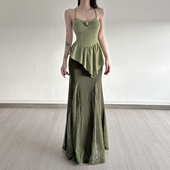 复古小众不规则吊带背心 Amyway 森系绿意 蕾丝拼接鱼尾裙长裙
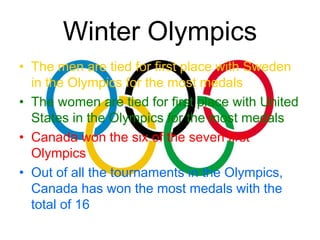 Winter Olympics The men are tied for first place with Sweden in the Olympics for the most medals The women are tied for first place with United States in the Olympics for the most medals Canada won the six of the seven first Olympics Out of all the tournaments in the Olympics, Canada has won the most medals with the total of 16  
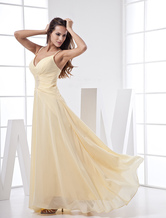 A-line V-Neck Ankle-Length Daffodil Chiffon Peplum Studded Prom Dress 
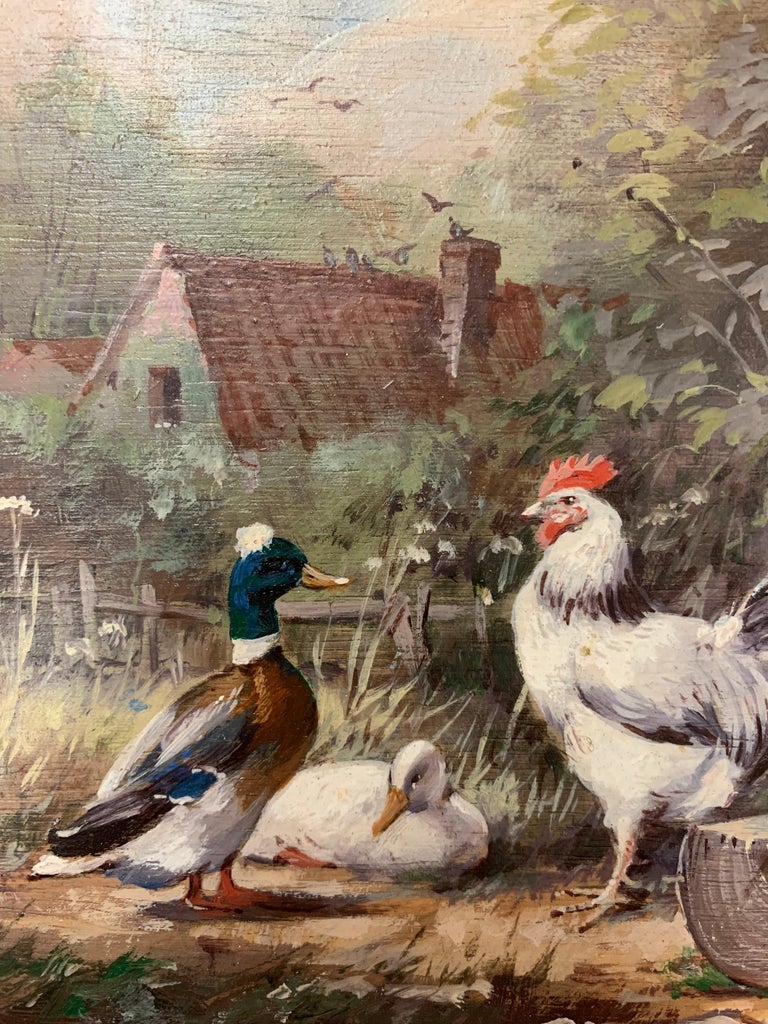 Artist: Hans-Ulrich Muhlhausen (Born in 1915-1987)
Title: Chickens and Ducks
Medium: Oil on Panel
Dimensions: Framed  11” x 9”, Unframed 9” x 7”

Description
A small oil painting of a German agrarian landscape.  The chickens and ducks peck at the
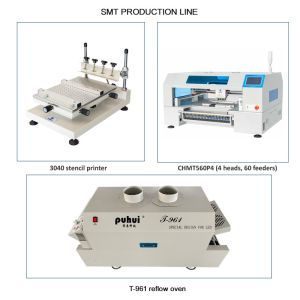 Quality Small SMT Line 60 Feeders 4 Heads CHMT560P4 SMT P&amp;P Machine / Reflow Oven T961 / Solder Paste Printer 3040 for sale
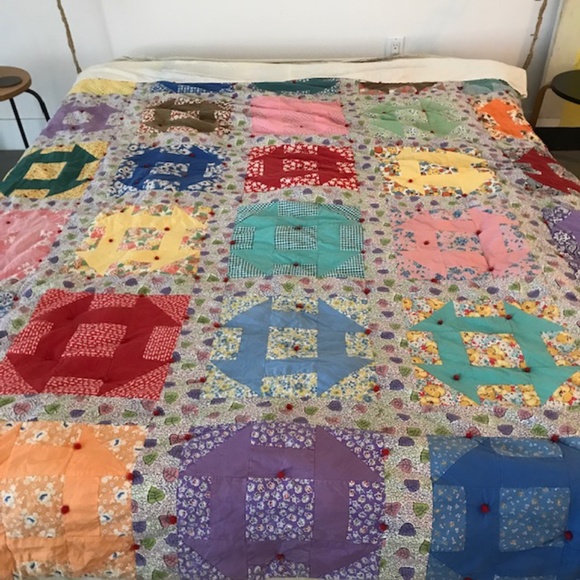 VTG Handmade 1930s Quilt Churn Dash *needs repair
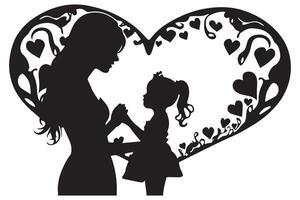 un' madre e figlia silhouette nel il cuore forma vettore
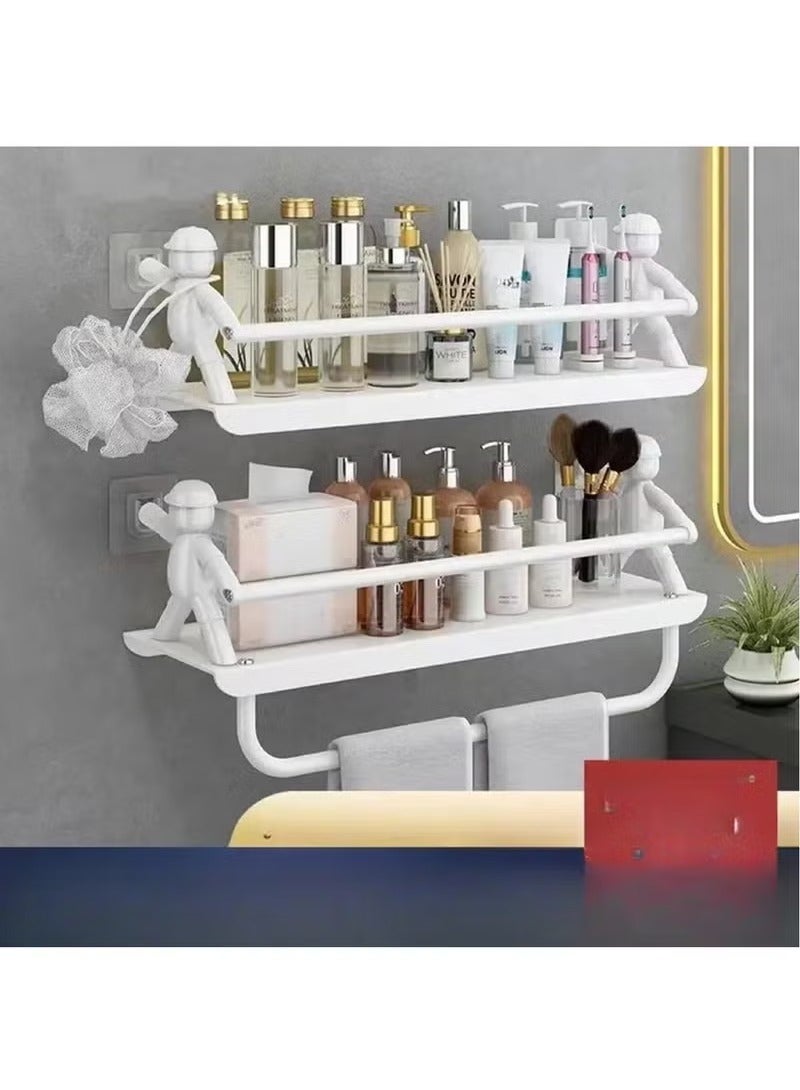 Shower Caddy Bathroom Space Aluminum Storage Rack Shelf, Wall Shelf, Bathroom Shelves with Towel Bar Wall Mounted Bathroom Organizer (White) - Image 5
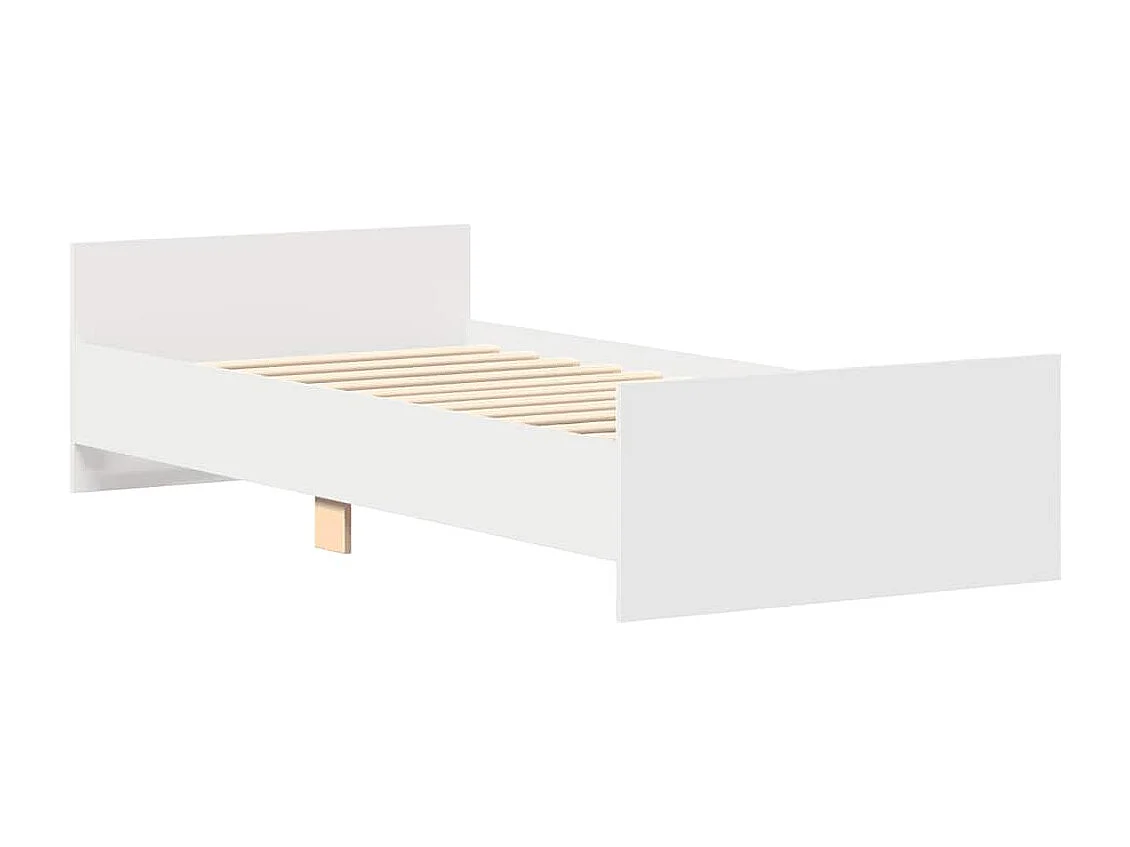 Bedframe bewerkt hout wit 100x200 cm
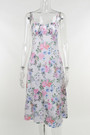 Summer New Sling Flower Batch Printing Zip-Up Pleated Slim Micro-Elastic Sexy Midi Dress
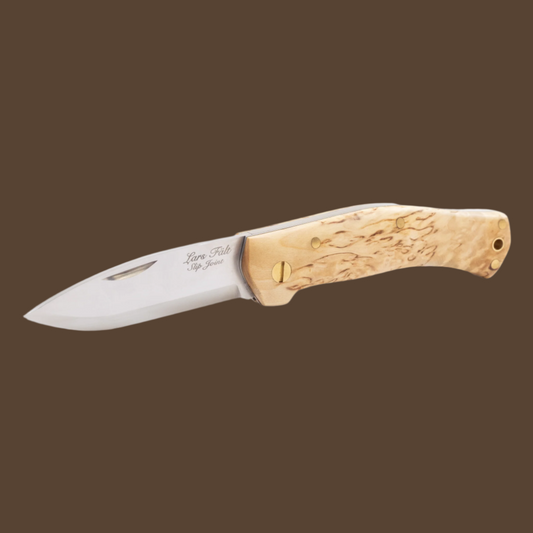 UK-legal folding knife, stainless steel blade, curly birch handle,, made by Casstrom Sweden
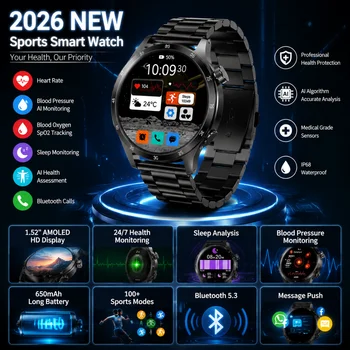 2026 New 1.52" HD Screen Smart Watch Bluetooth Call Heart Rate Health Monitoring IP68 Waterproof Smartwatches for Android iOS 1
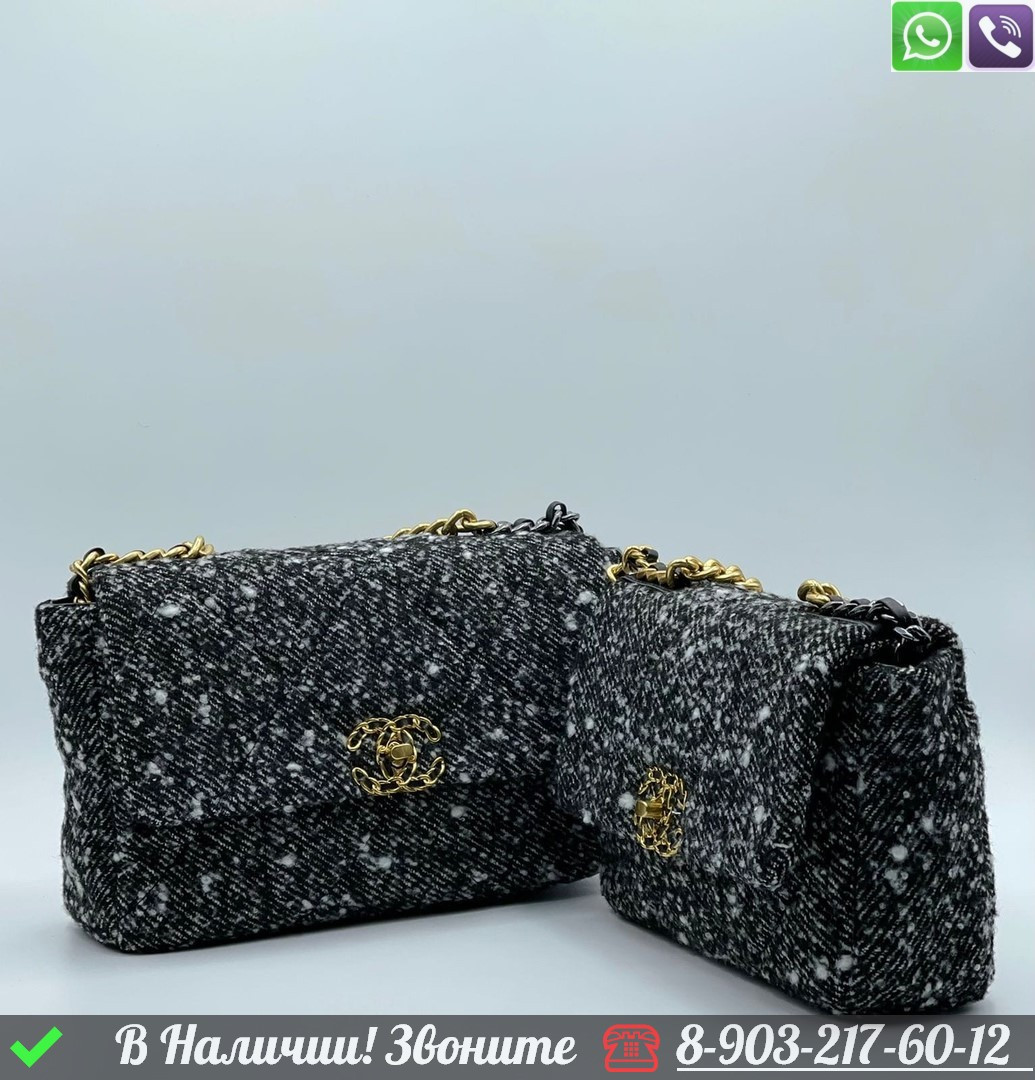 Сумка Chanel Flap 19 тканевая черная букле, фото 1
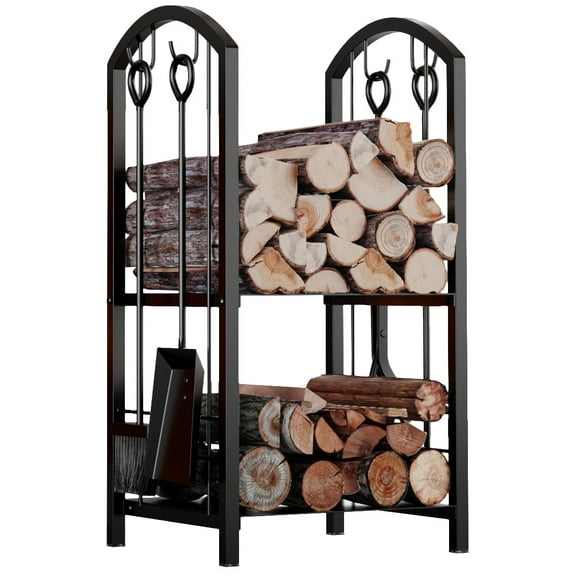Fire Beauty Fireplace Firewood Log Rack 5-Piece Storage Logs Holder with Tools Set with 4 Tools Set Fireside Holders Wood Lumber Storage Stacking Black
-------------------------
§ Problem description
Without any pictures, restate word for word only the lines from the one with "Winter Olympics The" through the end of the listing.

§ Answer section
 Winter Olympics The men are tied for first place with Sweden in the Olympics for the most medals The women are tied for first place with United States in the Olympics for the most medals Canada won the six of the seven first Olympics Out of all the tournaments in the Olympics, Canada has won the most medals with the total of 16  
 A-line V-Neck Ankle-Length Daffodil Chiffon Peplum Studded Prom Dress 
 Artist: Hans-Ulrich Muhlhausen (Born in 1915-1987)
Title: Chickens and Ducks
Medium: Oil on Panel
Dimensions: Framed  11” x 9”, Unframed 9” x 7”

Description
A small oil painting of a German agrarian landscape.  The chickens and ducks peck at the
 Quality Small SMT Line 60 Feeders 4 Heads CHMT560P4 SMT P&amp;P Machine / Reflow Oven T961 / Solder Paste Printer 3040 for sale
 VTG Handmade 1930s Quilt Churn Dash *needs repair
 un' madre e figlia silhouette nel il cuore forma vettore
 Shower Caddy Bathroom Space Aluminum Storage Rack Shelf, Wall Shelf, Bathroom Shelves with Towel Bar Wall Mounted Bathroom Organizer (White) - Image 5
 Bedframe bewerkt hout wit 100x200 cm
 Summer New Sling Flower Batch Printing Zip-Up Pleated Slim Micro-Elastic Sexy Midi Dress
 UK-legal folding knife, stainless steel blade, curly birch handle,, made by Casstrom Sweden
 2026 New 1.52" HD Screen Smart Watch Bluetooth Call Heart Rate Health Monitoring IP68 Waterproof Smartwatches for Android iOS 1
 Сумка Chanel Flap 19 тканевая черная букле, фото 1
Fire Beauty Fireplace Firewood Log Rack 5-Piece Storage Logs Holder with Tools Set with 4 Tools Set Fireside Holders Wood Lumber Storage Stacking Black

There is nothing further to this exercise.